[EXERCISE INSTRUCTIONS]
Only the lines from the beginning of the data below through the line that contains "Sebanyak lima wasit" should be repeated, exactly as written.

(Data extracted from a collection)
=== Section Start ===

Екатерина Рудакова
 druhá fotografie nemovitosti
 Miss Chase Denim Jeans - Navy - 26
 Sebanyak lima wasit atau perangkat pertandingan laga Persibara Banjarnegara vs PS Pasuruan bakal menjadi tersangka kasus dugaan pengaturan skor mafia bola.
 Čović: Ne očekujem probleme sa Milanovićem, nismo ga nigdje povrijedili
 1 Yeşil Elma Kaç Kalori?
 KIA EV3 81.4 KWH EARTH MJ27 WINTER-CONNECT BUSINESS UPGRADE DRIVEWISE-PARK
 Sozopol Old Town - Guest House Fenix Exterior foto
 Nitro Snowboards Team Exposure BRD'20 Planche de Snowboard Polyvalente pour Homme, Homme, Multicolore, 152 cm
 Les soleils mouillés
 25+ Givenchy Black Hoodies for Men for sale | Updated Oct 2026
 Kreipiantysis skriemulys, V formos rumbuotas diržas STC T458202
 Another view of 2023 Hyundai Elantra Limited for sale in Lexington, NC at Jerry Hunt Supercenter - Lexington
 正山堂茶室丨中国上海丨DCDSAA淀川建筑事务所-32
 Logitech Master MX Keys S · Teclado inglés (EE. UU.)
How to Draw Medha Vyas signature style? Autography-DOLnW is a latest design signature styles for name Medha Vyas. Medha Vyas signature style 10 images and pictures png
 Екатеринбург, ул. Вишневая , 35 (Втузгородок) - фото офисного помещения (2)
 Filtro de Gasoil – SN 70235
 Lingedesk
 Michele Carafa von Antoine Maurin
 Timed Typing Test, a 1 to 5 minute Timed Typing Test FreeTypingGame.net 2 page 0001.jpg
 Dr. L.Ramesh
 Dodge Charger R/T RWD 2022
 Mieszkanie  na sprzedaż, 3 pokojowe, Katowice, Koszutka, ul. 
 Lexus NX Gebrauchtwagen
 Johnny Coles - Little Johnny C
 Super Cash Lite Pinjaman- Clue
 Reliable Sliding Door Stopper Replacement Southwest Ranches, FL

=== Section End ===

[PROBLEM SOLUTION]
Екатерина Рудакова
 druhá fotografie nemovitosti
 Miss Chase Denim Jeans - Navy - 26
 Sebanyak lima wasit atau perangkat pertandingan laga Persibara Banjarnegara vs PS Pasuruan bakal menjadi tersangka kasus dugaan pengaturan skor mafia bola.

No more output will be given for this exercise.